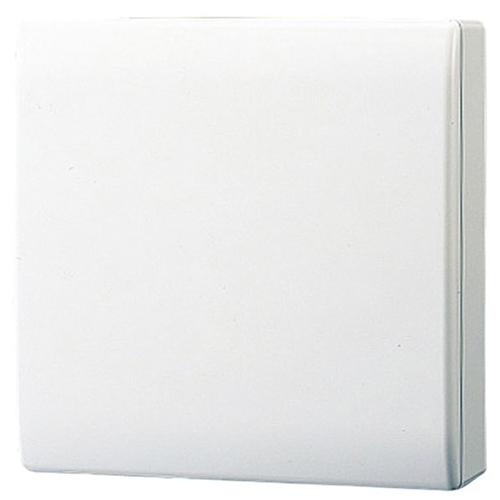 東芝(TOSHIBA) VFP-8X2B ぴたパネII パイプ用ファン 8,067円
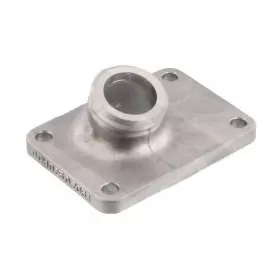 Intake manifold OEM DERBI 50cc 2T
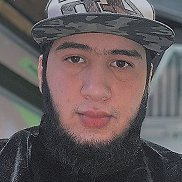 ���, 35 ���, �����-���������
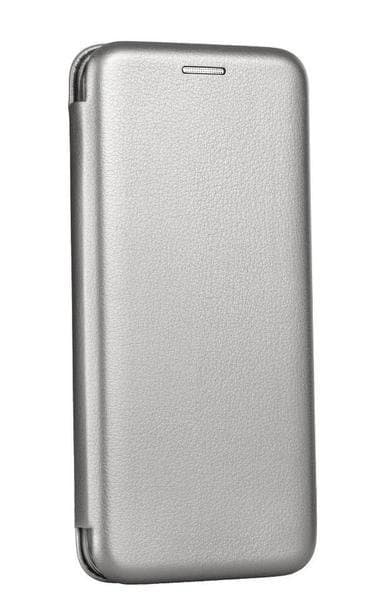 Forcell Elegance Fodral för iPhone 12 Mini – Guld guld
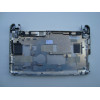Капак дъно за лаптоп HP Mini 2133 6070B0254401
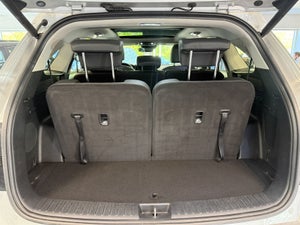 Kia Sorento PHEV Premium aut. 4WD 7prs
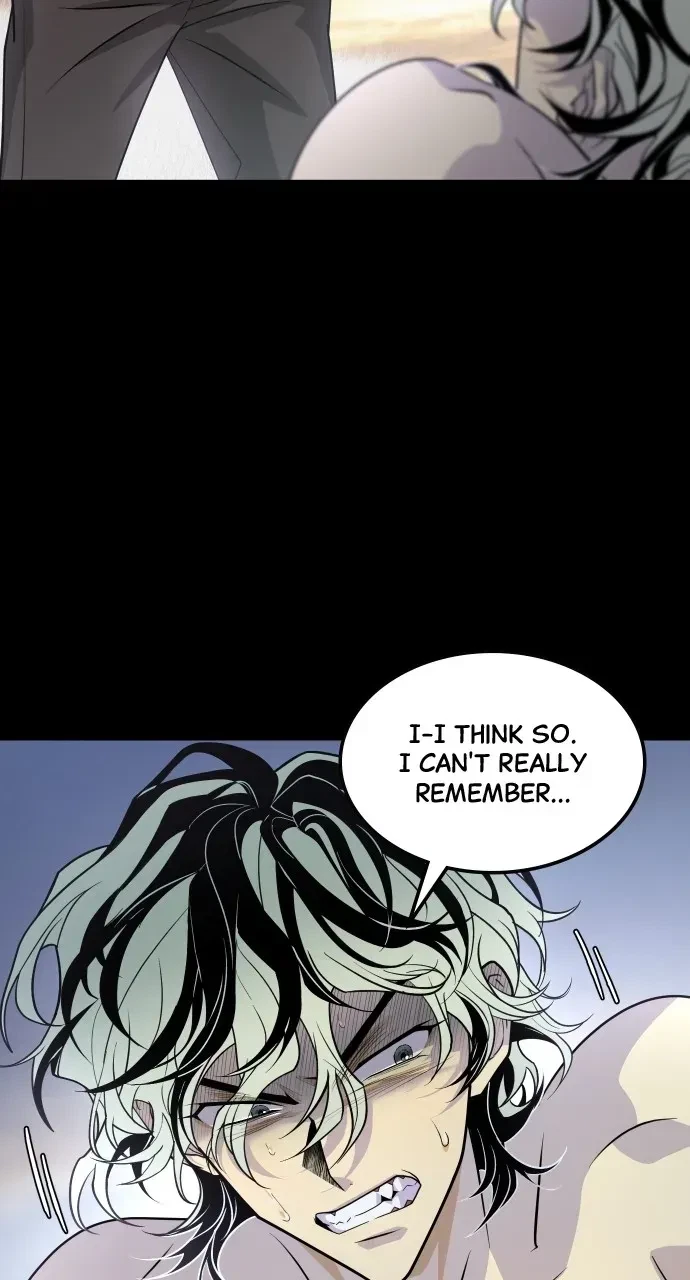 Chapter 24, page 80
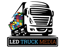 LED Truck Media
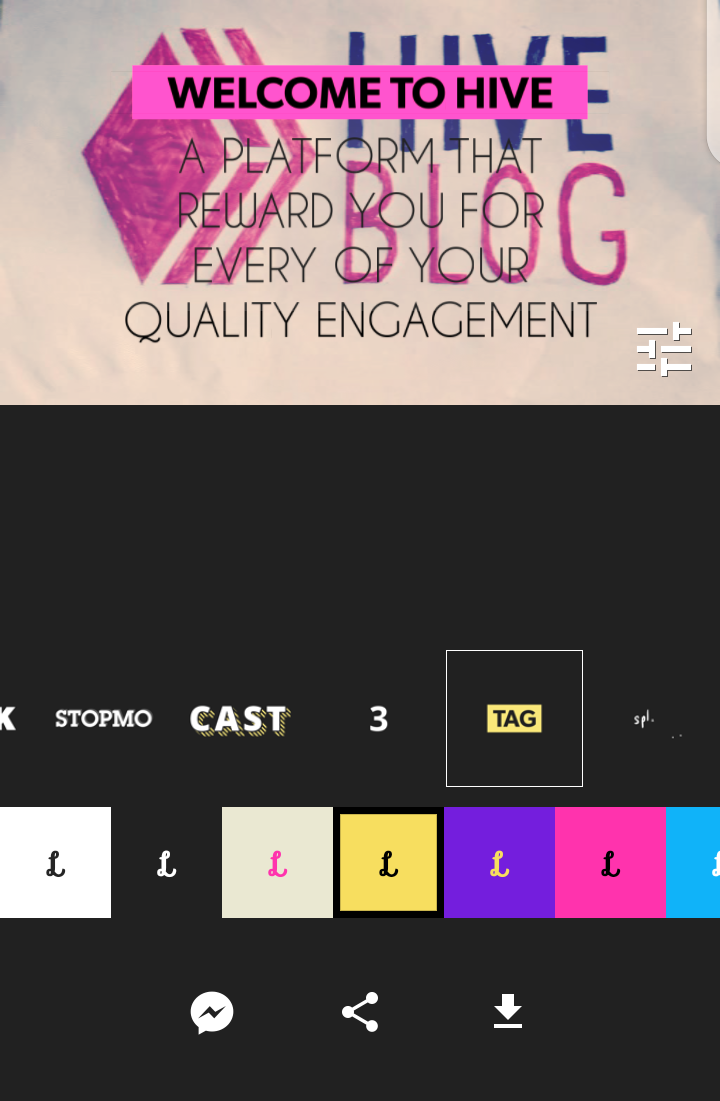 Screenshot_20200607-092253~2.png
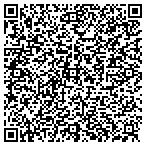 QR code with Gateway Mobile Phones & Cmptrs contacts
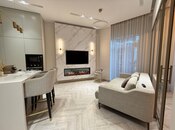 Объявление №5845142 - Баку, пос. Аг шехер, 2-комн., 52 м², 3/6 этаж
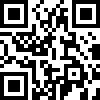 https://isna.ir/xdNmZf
========================
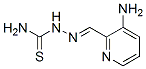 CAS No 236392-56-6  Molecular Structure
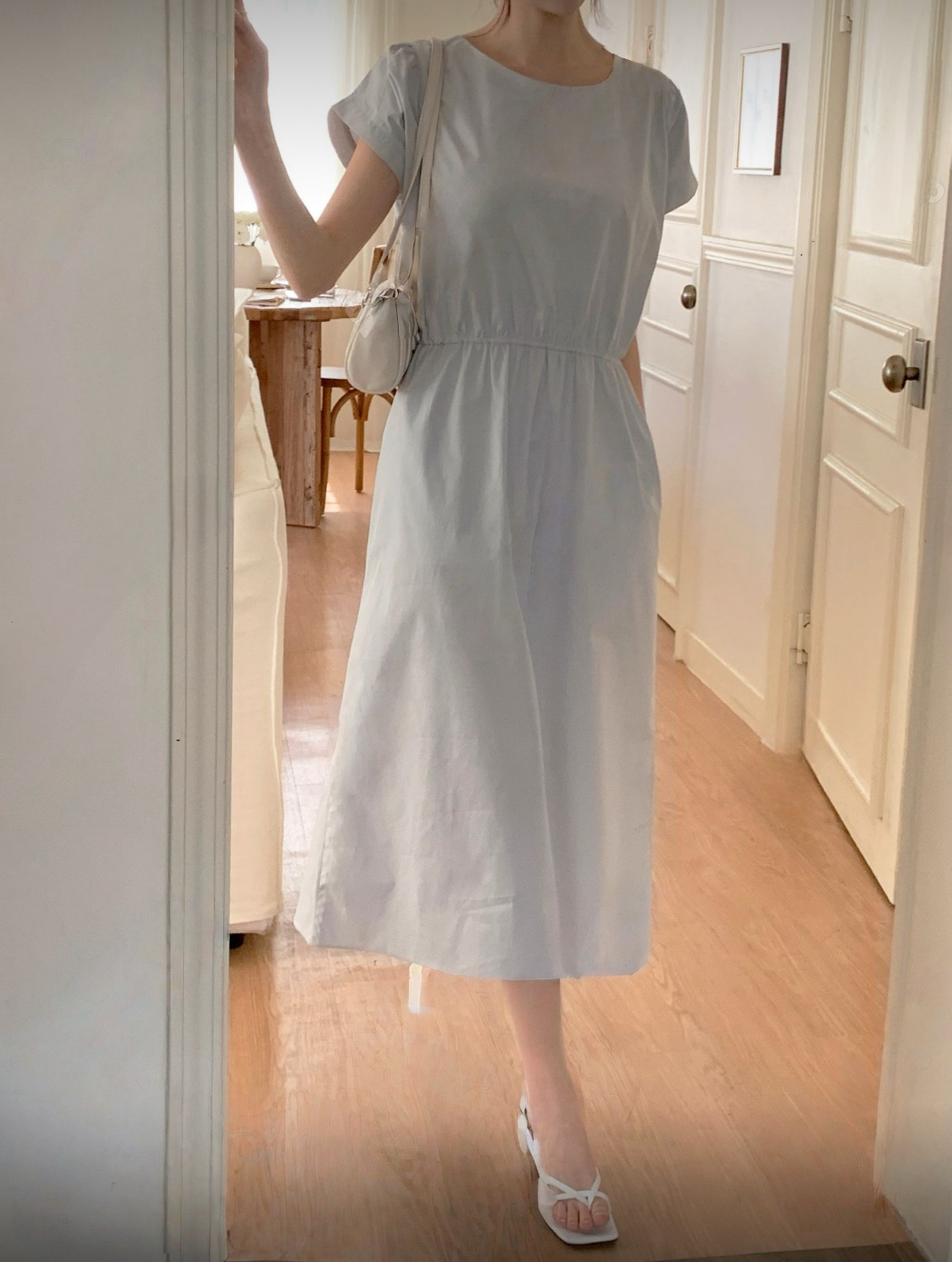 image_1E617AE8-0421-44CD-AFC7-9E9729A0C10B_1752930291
========================
▶ **What to produce**:
Nothing outside the stretch above, from the line with "東芝(TOSHIBA) VFP-8X2B ぴたパネII パイプ用ファン 8,067円" through the line with "Chapter 24, page 80", is set down. Transcribe that stretch exactly, ends included, but not its pictures.

▶ **Answer box**:
 東芝(TOSHIBA) VFP-8X2B ぴたパネII パイプ用ファン 8,067円
 Intake manifold OEM DERBI 50cc 2T
 ���, 35 ���, �����-���������
 Forcell Elegance Fodral för iPhone 12 Mini – Guld guld
Капак дъно за лаптоп HP Mini 2133 6070B0254401
 Kia Sorento PHEV Premium aut. 4WD 7prs
 Chapter 24, page 80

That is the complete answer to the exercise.